### The task
Print only the lines running from the line with "Adidas Puremotion Lace Up Sneakers 1" to the final line below, both included, exactly as written and without the pictures.

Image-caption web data

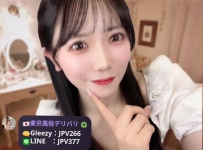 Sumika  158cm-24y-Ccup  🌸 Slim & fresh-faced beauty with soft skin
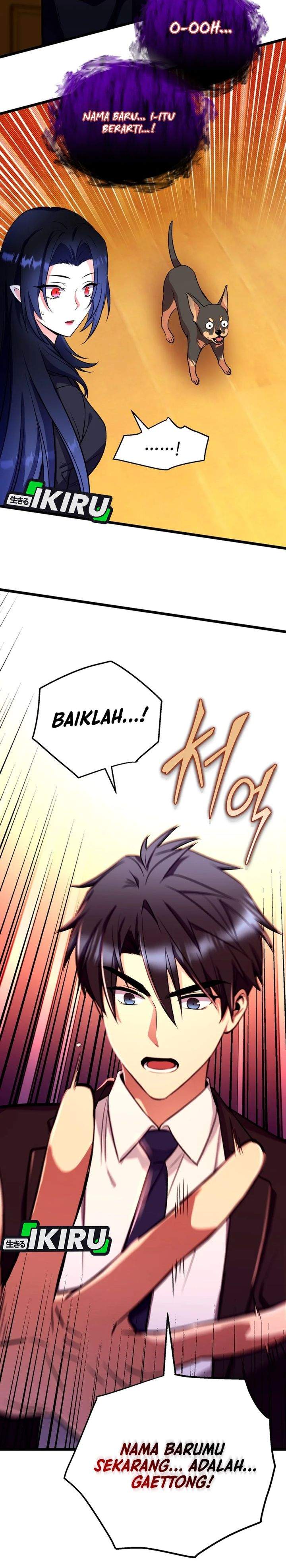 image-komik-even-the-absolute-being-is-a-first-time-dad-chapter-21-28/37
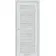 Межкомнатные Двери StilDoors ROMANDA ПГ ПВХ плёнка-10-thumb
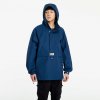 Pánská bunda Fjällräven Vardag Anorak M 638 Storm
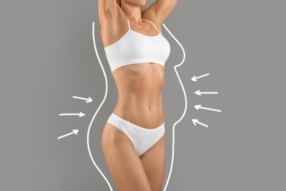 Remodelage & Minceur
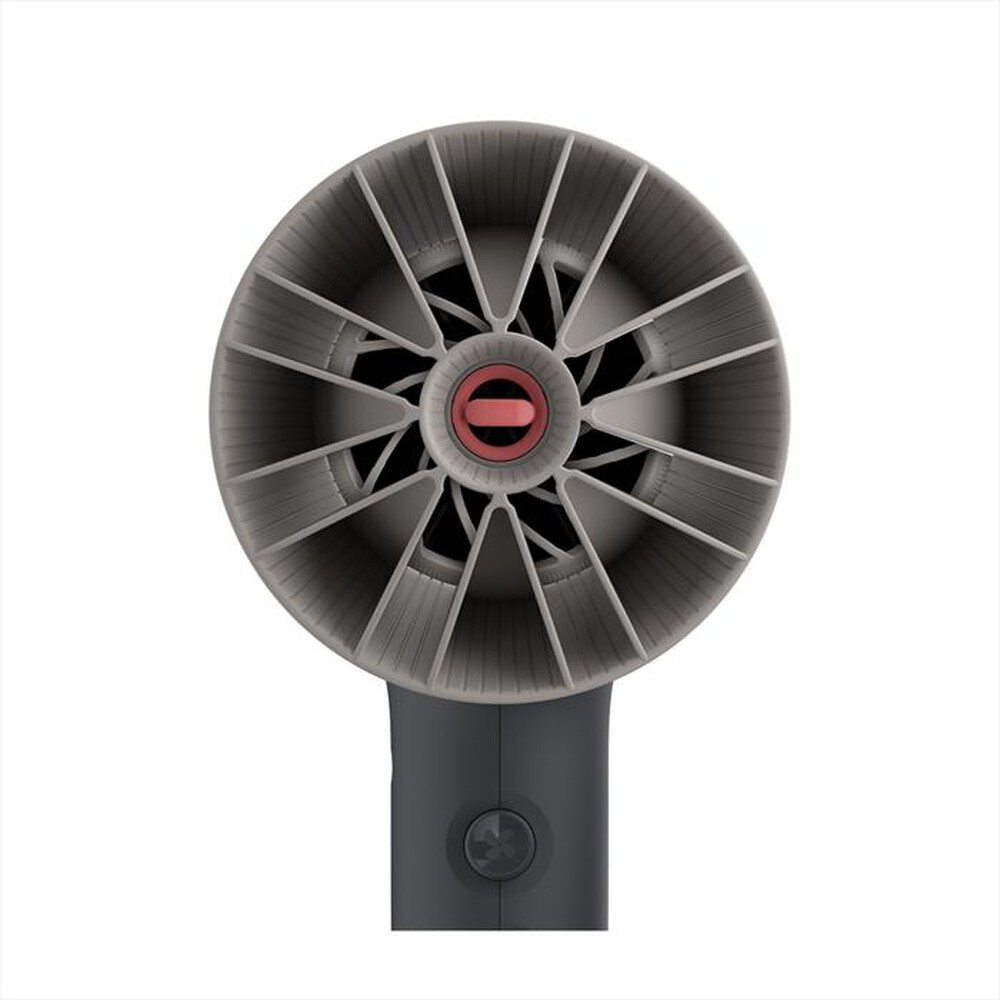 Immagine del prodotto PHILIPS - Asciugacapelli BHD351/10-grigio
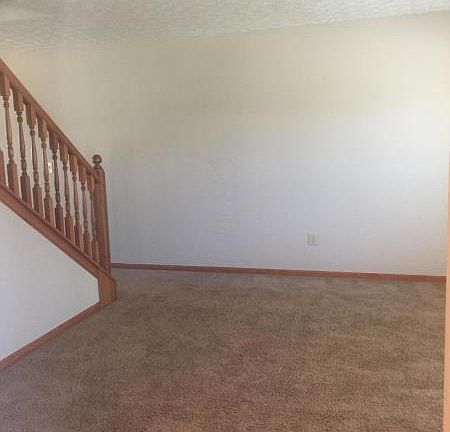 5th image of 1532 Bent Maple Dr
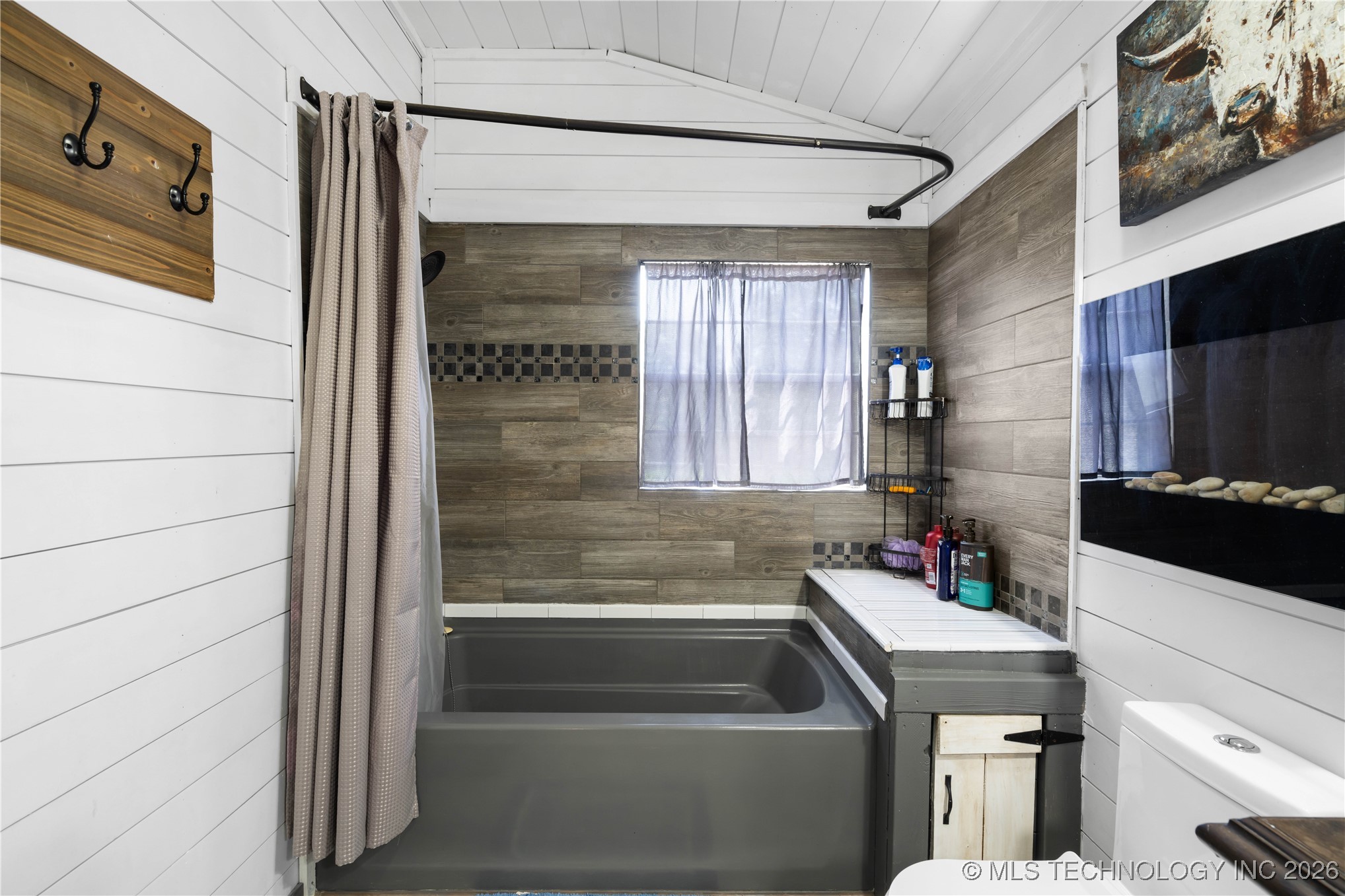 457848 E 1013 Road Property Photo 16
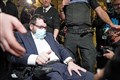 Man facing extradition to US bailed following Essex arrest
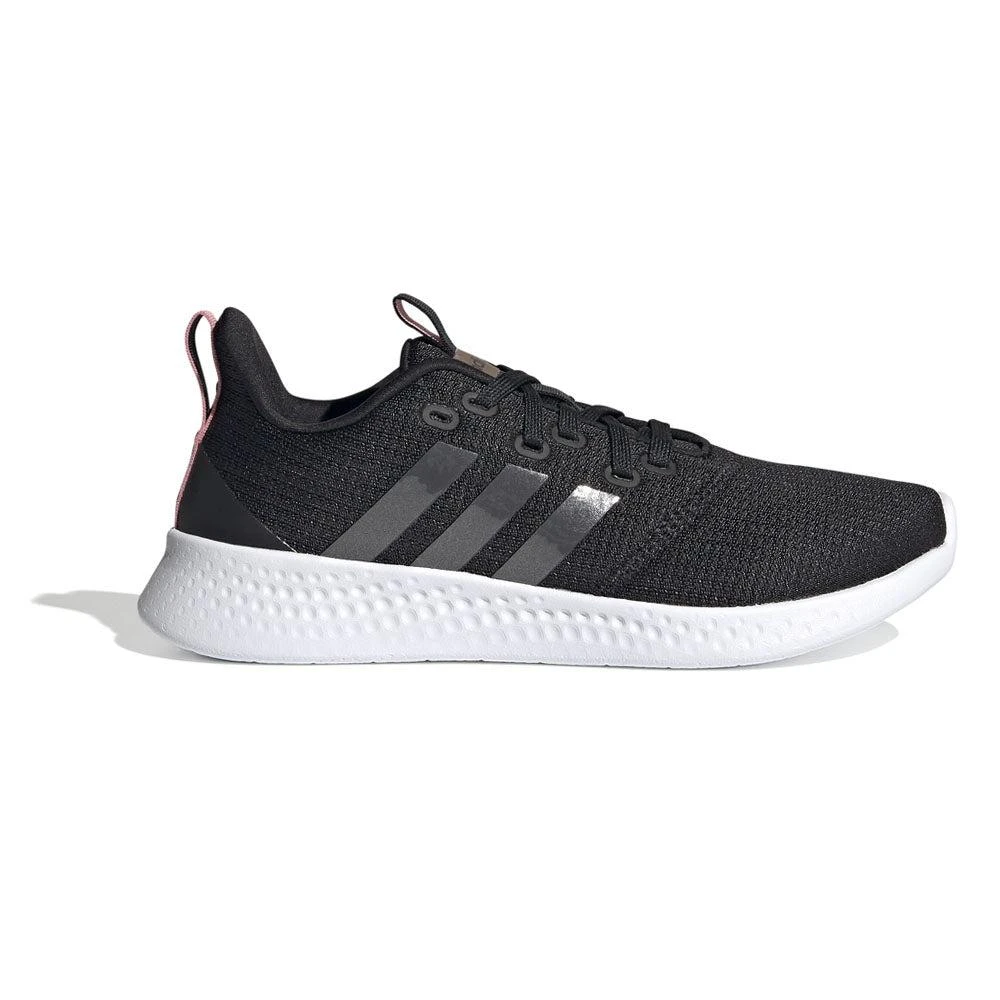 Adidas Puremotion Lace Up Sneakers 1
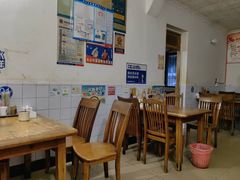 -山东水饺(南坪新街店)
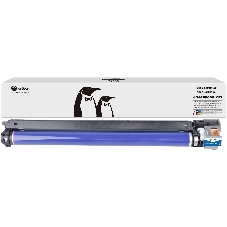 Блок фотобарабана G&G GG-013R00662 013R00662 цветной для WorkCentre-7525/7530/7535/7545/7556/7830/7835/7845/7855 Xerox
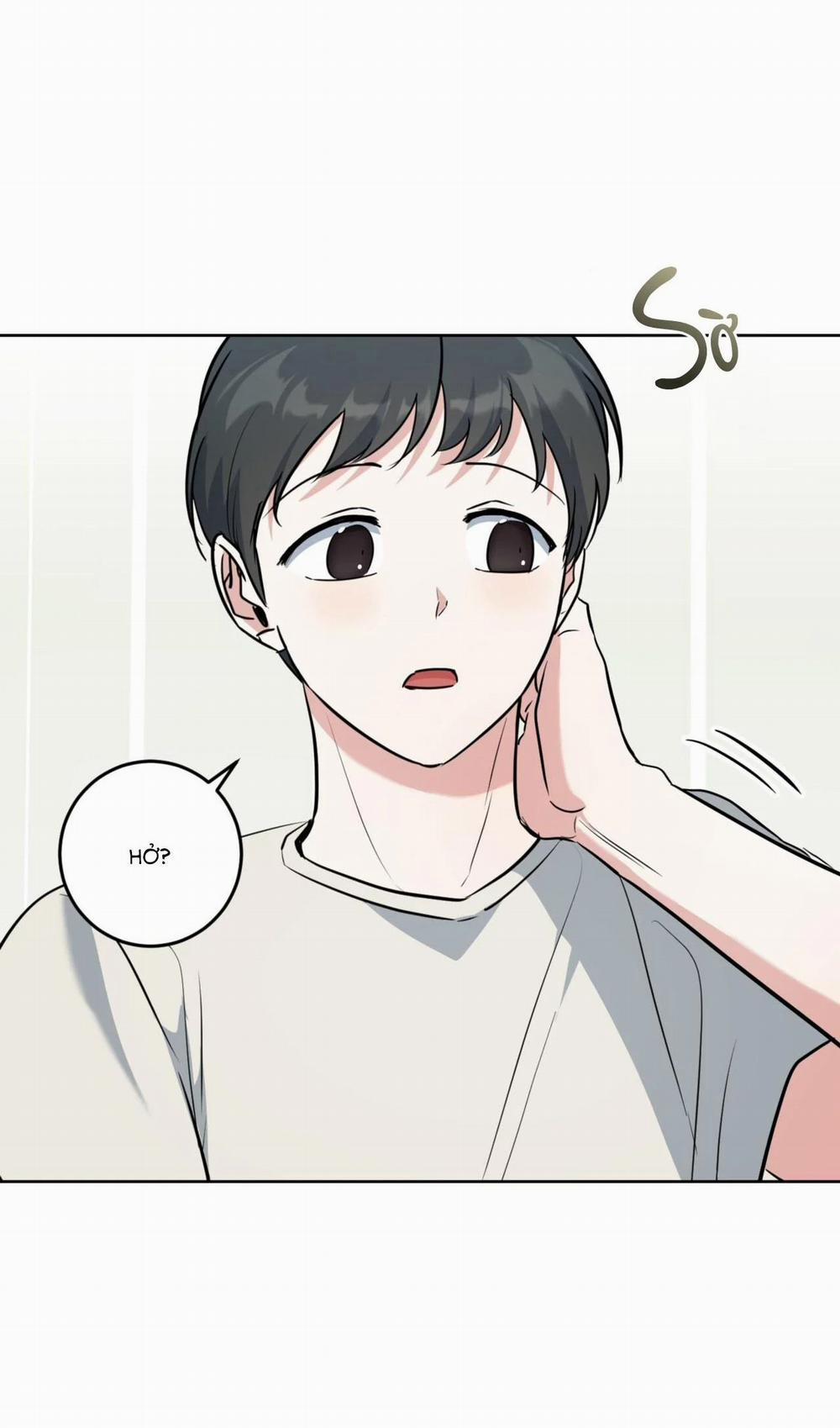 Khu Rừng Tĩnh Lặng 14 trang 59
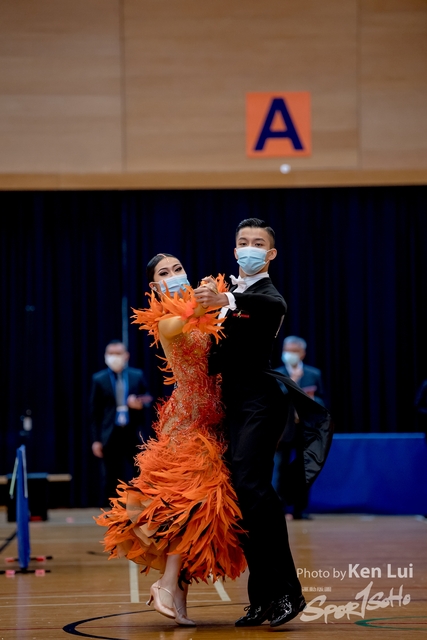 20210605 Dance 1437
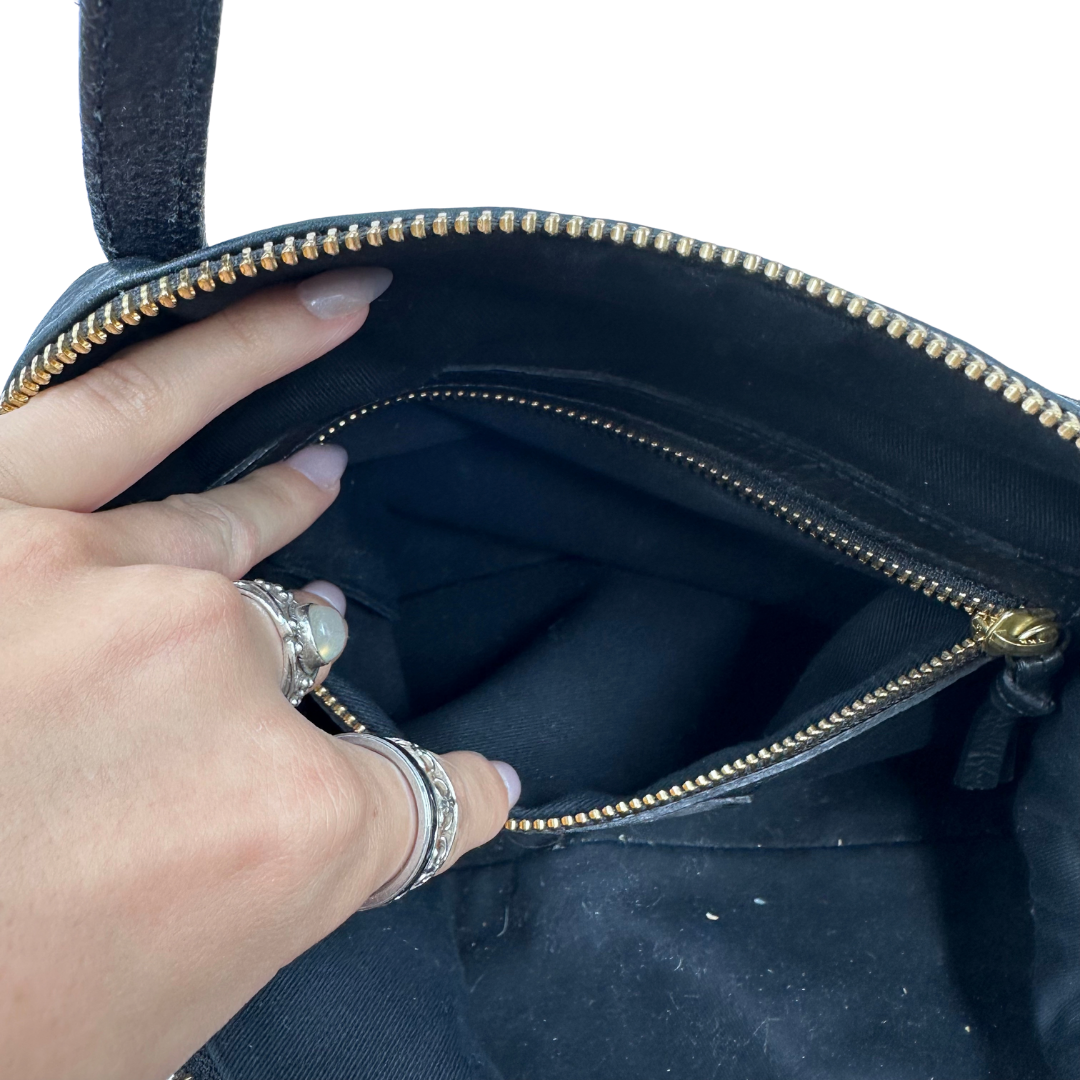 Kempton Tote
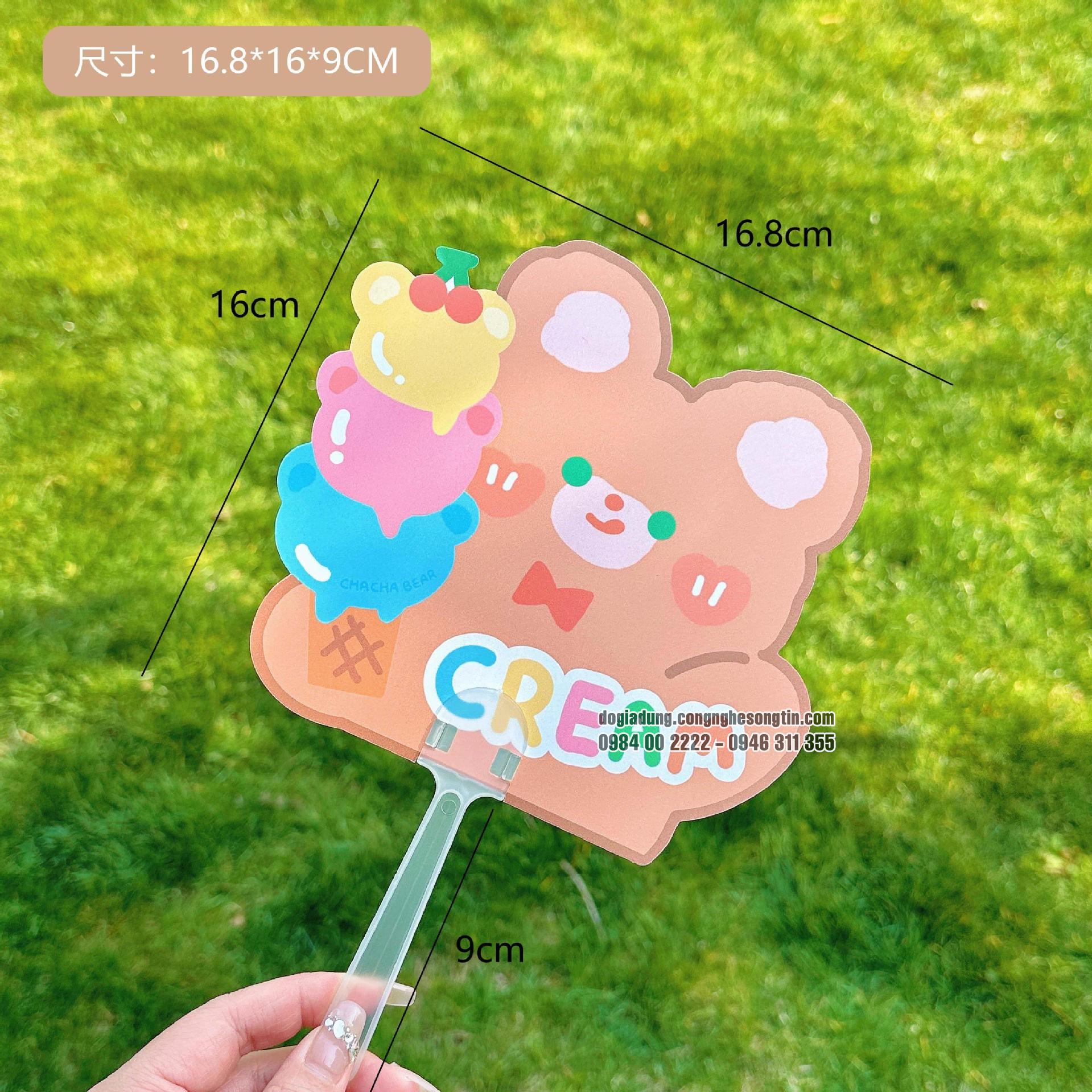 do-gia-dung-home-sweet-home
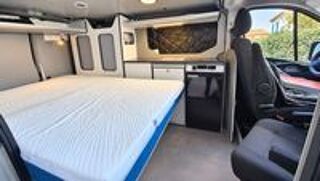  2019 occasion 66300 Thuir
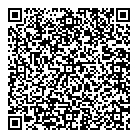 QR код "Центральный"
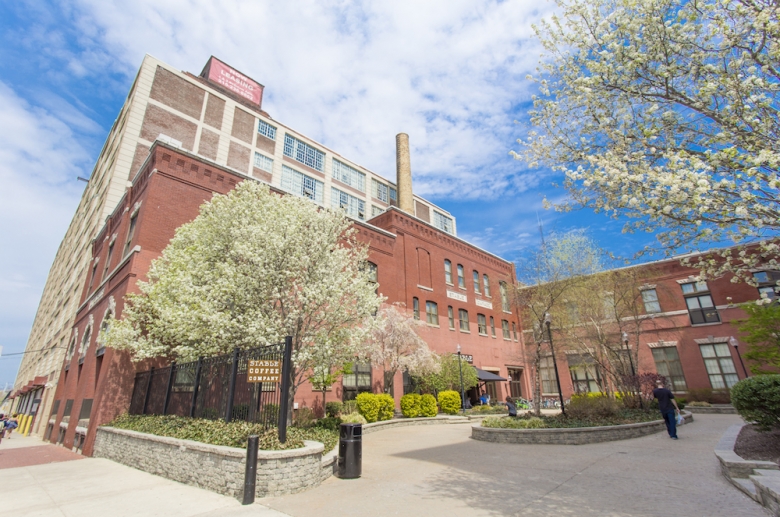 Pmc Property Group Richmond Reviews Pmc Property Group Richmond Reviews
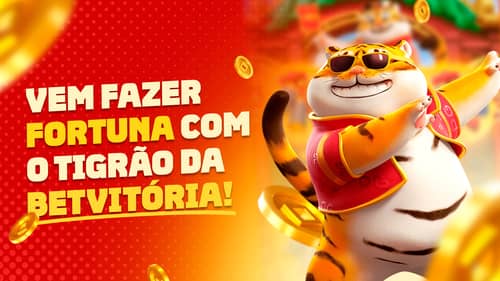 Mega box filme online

### Reply
 Adidas Puremotion Lace Up Sneakers 1
 -山东水饺(南坪新街店)
 Блок фотобарабана G&G GG-013R00662 013R00662 цветной для WorkCentre-7525/7530/7535/7545/7556/7830/7835/7845/7855 Xerox
 Khu Rừng Tĩnh Lặng 14 trang 59
 20210605 Dance 1437
 Kempton Tote
 do-gia-dung-home-sweet-home
  2019 occasion 66300 Thuir
 QR код "Центральный"
 Pmc Property Group Richmond Reviews Pmc Property Group Richmond Reviews
 Mega box filme online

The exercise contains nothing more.